◆ **What to produce**:
Please repeat exactly the lines below from the one containing "2025 F-250 Super Duty Thumbnail 23" down to the one containing "1300 Chestnut Street — Photo 27", both included, and nothing else.
*** Source material ***
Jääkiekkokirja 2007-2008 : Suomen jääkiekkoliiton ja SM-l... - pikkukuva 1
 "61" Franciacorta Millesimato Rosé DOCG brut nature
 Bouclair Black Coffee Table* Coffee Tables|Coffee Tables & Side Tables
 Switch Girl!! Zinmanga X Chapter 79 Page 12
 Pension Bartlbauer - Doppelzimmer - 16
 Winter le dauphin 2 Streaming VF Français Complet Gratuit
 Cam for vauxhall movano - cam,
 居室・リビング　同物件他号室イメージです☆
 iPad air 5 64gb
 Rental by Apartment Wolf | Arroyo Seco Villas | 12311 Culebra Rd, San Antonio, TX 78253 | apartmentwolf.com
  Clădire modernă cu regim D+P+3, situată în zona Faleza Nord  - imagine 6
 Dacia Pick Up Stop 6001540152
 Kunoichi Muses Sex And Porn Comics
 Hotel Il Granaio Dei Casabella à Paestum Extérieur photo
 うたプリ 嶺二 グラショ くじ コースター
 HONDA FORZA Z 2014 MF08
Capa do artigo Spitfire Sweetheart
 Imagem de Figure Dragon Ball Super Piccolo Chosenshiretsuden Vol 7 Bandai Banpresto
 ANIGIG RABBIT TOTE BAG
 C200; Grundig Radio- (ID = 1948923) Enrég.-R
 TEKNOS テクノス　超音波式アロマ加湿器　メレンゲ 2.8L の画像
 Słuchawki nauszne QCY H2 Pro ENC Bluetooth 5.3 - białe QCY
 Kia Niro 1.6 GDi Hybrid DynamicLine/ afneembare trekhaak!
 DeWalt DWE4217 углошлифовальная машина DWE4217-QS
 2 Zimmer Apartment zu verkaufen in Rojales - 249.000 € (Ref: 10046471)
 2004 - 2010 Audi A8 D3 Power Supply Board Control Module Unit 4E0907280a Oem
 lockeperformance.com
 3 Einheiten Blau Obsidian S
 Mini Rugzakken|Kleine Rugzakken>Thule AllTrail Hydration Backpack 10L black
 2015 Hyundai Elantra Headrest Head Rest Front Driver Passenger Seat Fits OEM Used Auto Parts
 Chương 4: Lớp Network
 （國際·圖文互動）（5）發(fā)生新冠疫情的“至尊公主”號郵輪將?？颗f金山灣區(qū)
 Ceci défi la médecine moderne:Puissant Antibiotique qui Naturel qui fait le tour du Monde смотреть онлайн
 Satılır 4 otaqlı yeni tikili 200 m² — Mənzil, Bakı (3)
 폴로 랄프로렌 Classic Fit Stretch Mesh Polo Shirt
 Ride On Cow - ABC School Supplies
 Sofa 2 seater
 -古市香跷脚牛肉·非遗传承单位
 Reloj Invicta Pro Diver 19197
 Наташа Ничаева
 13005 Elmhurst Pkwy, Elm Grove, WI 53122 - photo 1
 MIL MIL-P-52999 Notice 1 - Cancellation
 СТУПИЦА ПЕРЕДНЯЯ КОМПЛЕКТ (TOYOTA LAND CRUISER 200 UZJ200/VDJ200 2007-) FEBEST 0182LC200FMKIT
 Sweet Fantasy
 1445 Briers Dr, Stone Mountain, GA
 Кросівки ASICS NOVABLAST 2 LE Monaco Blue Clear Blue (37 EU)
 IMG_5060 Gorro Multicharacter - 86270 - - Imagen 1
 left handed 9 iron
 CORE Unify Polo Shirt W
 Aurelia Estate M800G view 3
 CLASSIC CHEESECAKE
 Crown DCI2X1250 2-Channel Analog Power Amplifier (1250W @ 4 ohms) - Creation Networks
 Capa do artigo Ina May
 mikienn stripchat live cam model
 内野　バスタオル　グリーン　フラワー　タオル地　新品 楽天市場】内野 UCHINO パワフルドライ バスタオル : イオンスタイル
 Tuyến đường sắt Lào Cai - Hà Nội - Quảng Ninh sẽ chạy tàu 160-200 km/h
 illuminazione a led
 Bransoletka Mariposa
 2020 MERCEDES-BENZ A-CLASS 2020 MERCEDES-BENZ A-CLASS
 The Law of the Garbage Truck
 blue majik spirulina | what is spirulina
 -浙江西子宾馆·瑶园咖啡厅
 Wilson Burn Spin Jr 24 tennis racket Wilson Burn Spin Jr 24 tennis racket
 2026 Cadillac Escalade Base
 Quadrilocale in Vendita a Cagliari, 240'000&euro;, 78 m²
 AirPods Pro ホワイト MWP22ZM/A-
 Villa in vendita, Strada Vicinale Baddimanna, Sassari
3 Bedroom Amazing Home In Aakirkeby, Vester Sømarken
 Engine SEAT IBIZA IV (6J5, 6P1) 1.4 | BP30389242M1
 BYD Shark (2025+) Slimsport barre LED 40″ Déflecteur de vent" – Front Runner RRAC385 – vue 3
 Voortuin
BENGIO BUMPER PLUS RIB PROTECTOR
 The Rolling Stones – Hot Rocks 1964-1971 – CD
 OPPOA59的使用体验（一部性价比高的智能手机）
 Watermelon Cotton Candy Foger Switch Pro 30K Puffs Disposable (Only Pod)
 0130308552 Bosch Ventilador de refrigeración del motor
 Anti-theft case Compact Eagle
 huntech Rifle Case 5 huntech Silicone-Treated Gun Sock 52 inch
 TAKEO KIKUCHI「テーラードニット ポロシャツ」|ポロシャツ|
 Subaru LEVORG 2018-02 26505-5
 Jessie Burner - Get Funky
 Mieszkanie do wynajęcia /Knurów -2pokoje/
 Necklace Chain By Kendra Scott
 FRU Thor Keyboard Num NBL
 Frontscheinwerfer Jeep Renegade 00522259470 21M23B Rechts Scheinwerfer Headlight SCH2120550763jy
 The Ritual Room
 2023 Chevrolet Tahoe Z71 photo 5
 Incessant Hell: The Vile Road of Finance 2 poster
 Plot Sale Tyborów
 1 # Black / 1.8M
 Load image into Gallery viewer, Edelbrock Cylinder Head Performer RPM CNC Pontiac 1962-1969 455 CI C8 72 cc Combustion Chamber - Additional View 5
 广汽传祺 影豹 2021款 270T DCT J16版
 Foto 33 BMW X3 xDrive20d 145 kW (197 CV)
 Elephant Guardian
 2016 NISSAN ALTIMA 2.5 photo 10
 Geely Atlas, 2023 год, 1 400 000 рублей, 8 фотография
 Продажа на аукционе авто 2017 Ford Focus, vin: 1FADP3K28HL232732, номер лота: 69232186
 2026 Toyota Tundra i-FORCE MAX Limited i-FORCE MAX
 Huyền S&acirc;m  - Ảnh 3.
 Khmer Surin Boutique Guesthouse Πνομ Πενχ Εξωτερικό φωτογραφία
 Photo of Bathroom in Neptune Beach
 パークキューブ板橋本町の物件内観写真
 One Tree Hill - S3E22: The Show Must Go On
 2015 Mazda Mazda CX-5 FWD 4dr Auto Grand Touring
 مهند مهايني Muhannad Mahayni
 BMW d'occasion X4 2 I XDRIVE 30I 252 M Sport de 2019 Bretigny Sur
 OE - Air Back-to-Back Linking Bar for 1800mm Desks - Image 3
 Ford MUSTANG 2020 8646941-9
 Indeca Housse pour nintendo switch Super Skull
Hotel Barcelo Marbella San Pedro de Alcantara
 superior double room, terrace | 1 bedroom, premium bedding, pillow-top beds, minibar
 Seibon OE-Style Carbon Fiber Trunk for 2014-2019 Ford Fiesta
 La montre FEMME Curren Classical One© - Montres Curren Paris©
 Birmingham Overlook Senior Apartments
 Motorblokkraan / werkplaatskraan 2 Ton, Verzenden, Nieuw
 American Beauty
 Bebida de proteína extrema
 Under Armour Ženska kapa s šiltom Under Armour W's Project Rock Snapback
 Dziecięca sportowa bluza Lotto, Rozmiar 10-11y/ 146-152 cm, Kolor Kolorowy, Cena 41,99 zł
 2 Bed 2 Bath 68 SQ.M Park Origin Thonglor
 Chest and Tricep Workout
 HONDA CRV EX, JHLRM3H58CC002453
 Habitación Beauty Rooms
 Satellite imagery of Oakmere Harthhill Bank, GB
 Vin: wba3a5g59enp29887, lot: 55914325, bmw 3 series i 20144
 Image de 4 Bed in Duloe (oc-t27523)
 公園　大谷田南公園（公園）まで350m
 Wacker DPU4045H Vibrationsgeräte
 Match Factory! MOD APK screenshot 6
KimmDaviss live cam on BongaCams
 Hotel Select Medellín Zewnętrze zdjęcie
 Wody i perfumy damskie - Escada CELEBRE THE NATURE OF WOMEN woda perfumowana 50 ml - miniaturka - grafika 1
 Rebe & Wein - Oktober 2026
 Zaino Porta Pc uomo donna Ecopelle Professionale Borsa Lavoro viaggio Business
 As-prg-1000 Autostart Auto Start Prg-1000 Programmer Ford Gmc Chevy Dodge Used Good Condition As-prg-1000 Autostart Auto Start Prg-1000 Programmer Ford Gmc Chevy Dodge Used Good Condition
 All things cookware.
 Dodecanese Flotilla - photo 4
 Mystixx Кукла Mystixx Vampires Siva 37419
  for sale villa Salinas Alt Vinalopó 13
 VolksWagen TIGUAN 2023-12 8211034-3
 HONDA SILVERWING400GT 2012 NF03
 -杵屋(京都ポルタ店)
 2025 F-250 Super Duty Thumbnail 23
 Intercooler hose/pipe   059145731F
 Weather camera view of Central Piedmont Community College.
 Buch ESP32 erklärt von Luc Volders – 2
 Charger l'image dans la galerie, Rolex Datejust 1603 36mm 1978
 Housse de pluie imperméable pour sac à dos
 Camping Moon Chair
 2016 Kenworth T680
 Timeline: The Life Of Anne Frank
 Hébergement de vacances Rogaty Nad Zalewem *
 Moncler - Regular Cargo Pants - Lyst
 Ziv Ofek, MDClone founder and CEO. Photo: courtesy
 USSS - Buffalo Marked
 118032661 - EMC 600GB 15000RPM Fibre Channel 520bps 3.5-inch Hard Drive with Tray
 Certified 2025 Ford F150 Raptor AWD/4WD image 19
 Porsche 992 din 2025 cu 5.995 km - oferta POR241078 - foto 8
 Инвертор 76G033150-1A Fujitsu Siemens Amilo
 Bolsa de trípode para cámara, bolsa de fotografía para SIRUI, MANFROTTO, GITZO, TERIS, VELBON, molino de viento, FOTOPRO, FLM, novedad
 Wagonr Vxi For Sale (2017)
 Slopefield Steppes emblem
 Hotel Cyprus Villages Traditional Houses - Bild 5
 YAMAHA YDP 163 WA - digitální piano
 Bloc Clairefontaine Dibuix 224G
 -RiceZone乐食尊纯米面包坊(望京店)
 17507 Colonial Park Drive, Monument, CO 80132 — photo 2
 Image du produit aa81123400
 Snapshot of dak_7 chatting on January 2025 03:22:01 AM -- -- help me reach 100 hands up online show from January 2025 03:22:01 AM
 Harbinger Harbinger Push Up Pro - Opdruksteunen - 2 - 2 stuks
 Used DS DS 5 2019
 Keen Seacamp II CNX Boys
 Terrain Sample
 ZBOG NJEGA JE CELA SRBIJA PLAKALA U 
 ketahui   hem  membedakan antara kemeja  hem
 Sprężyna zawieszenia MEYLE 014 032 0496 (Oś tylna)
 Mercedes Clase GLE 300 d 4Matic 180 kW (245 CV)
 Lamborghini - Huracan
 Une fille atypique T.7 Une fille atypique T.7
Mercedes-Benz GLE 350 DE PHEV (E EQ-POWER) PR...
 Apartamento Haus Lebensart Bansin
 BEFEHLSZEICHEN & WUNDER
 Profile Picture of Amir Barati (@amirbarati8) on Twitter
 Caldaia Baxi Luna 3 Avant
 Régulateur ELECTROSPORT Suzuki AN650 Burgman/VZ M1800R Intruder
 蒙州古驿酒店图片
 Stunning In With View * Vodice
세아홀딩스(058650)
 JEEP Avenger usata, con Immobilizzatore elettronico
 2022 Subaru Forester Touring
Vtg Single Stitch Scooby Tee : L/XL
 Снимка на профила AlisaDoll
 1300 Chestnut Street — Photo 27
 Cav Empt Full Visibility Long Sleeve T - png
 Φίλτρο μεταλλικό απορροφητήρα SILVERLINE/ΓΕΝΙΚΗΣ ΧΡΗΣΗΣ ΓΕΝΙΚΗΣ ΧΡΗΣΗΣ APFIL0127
*** End of Source material ***
◆ **Solution**:
 2025 F-250 Super Duty Thumbnail 23
 Intercooler hose/pipe   059145731F
 Weather camera view of Central Piedmont Community College.
 Buch ESP32 erklärt von Luc Volders – 2
 Charger l'image dans la galerie, Rolex Datejust 1603 36mm 1978
 Housse de pluie imperméable pour sac à dos
 Camping Moon Chair
 2016 Kenworth T680
 Timeline: The Life Of Anne Frank
 Hébergement de vacances Rogaty Nad Zalewem *
 Moncler - Regular Cargo Pants - Lyst
 Ziv Ofek, MDClone founder and CEO. Photo: courtesy
 USSS - Buffalo Marked
 118032661 - EMC 600GB 15000RPM Fibre Channel 520bps 3.5-inch Hard Drive with Tray
 Certified 2025 Ford F150 Raptor AWD/4WD image 19
 Porsche 992 din 2025 cu 5.995 km - oferta POR241078 - foto 8
 Инвертор 76G033150-1A Fujitsu Siemens Amilo
 Bolsa de trípode para cámara, bolsa de fotografía para SIRUI, MANFROTTO, GITZO, TERIS, VELBON, molino de viento, FOTOPRO, FLM, novedad
 Wagonr Vxi For Sale (2017)
 Slopefield Steppes emblem
 Hotel Cyprus Villages Traditional Houses - Bild 5
 YAMAHA YDP 163 WA - digitální piano
 Bloc Clairefontaine Dibuix 224G
 -RiceZone乐食尊纯米面包坊(望京店)
 17507 Colonial Park Drive, Monument, CO 80132 — photo 2
 Image du produit aa81123400
 Snapshot of dak_7 chatting on January 2025 03:22:01 AM -- -- help me reach 100 hands up online show from January 2025 03:22:01 AM
 Harbinger Harbinger Push Up Pro - Opdruksteunen - 2 - 2 stuks
 Used DS DS 5 2019
 Keen Seacamp II CNX Boys
 Terrain Sample
 ZBOG NJEGA JE CELA SRBIJA PLAKALA U 
 ketahui   hem  membedakan antara kemeja  hem
 Sprężyna zawieszenia MEYLE 014 032 0496 (Oś tylna)
 Mercedes Clase GLE 300 d 4Matic 180 kW (245 CV)
 Lamborghini - Huracan
 Une fille atypique T.7 Une fille atypique T.7
Mercedes-Benz GLE 350 DE PHEV (E EQ-POWER) PR...
 Apartamento Haus Lebensart Bansin
 BEFEHLSZEICHEN & WUNDER
 Profile Picture of Amir Barati (@amirbarati8) on Twitter
 Caldaia Baxi Luna 3 Avant
 Régulateur ELECTROSPORT Suzuki AN650 Burgman/VZ M1800R Intruder
 蒙州古驿酒店图片
 Stunning In With View * Vodice
세아홀딩스(058650)
 JEEP Avenger usata, con Immobilizzatore elettronico
 2022 Subaru Forester Touring
Vtg Single Stitch Scooby Tee : L/XL
 Снимка на профила AlisaDoll
 1300 Chestnut Street — Photo 27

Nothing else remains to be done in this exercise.